显然卢萤撒谎了。池澈停在12号病房门口沉思。兵分两路是先见之明,警察告诉她提出去医院探视的想法被言辞冰冷地驳回了。卢萤告诉唐乾刚孩子的情况非常脆弱,在手术前绝对不接收任何形式的探视与问询。调查工作大人会进行配合,不必牵扯到孩子。
电话的结尾警察开了句玩笑,这个女人给他最大的感觉是她相当疲惫,但唯独提到孩子时像炸毛的母鸡。但池澈笑不出来,眼下的情况是自己的身份已经暴露,孩子不可能藏住有法医上门来的事实。她陷入了一种相当矛盾的心态,不清楚眼下这些细微的出入是否真的存在调查价值。

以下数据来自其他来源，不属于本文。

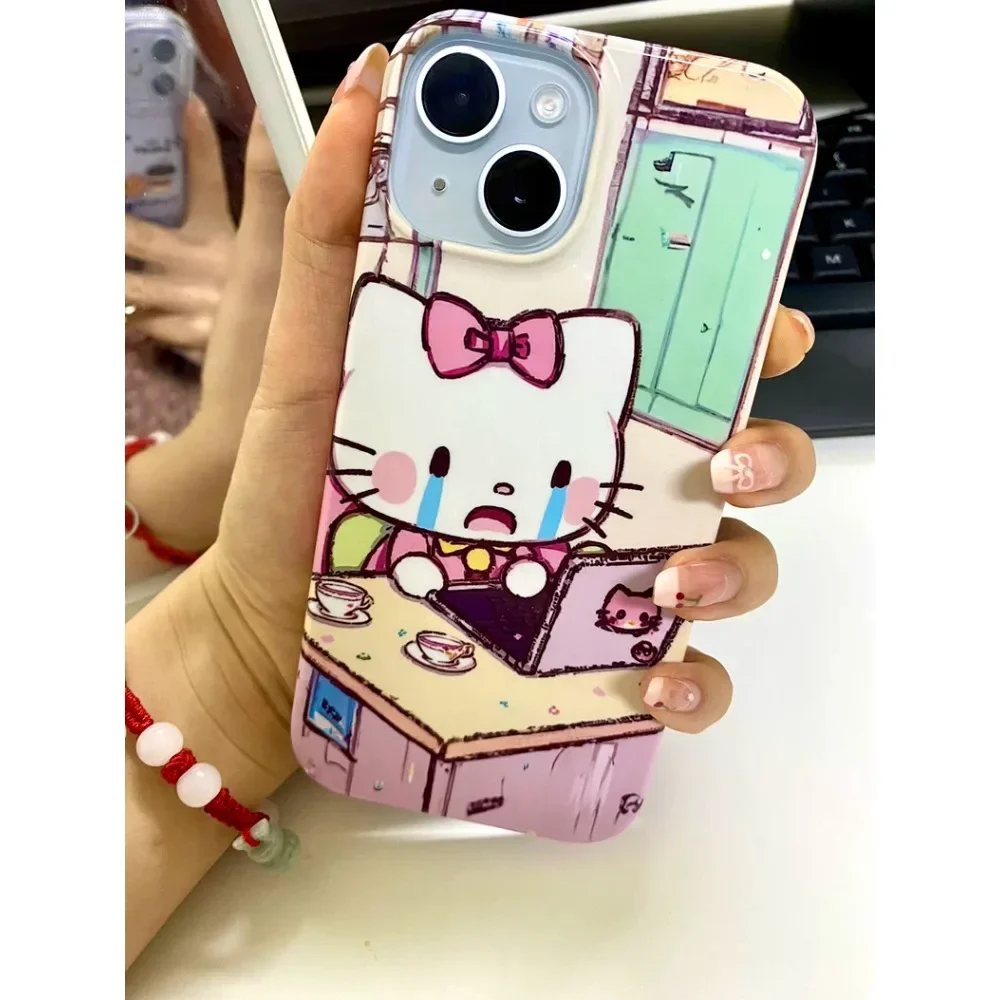 Kawaii Crying Hello Kitty at work Phone Case Sanrio Anime creative Protective Cover for IPhone X 11 12 13 14 15 Pro Max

警察告诉她大约半个小时后人就会回到医院,他的态度有点模糊,池澈心领神会。她坐到中央走廊靠近楼梯的位置,这里能观察到所有来人的情况,中央走廊和病房走廊组成一个丁字,12号病房在交叉口右侧,法医事前跟护士打了招呼,她静静等待着人回来。
二十分钟后一个女人拎着大包东西快速冲出电梯,她步伐很快,池澈稍一愣神她就已经消失在12号病房门后。走廊归于寂静,大概十分钟后一个护士起身进入病房,几分钟后她快速离开,再回来时她身后跟着医生。池澈意识到问题似乎有些棘手,几分钟后他们离开,池澈快速穿过走廊,闪身进入医生办公室。
但她似乎多虑了,女人并没有提起关于访客的事,卢宛童睡着了,因此秘密得以暂存。吴侍明告诉池澈不要太敏感,在谈话结束时他已经跟孩子说过不要提及法医之类的事情,女人找他单纯为了咨询手术费用此外确定了手术日程,时间定在两周后。

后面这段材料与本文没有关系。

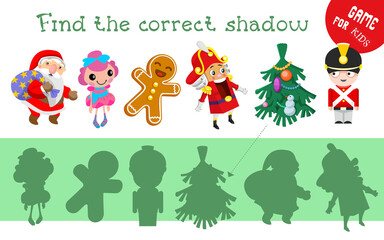 Find correct shadow. Cute Christmas characters. Educational game for children. Activity, vector illustration.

池澈的心弦松弛下来,她转身出门。随机开到一个裹得严实的女人正在靠近12号病房门,她看见了池澈,视线交汇后本能地瞥向别处,随后推门进去。棕色长发,一米六五,偏瘦体型,带妆。出于职业习惯,池澈在脑中生成一些数据,直到她看到那双眼睛——晦暗、惊惶,但似曾相识。
见过,她在哪里见过了这双眼睛,她停住脚步。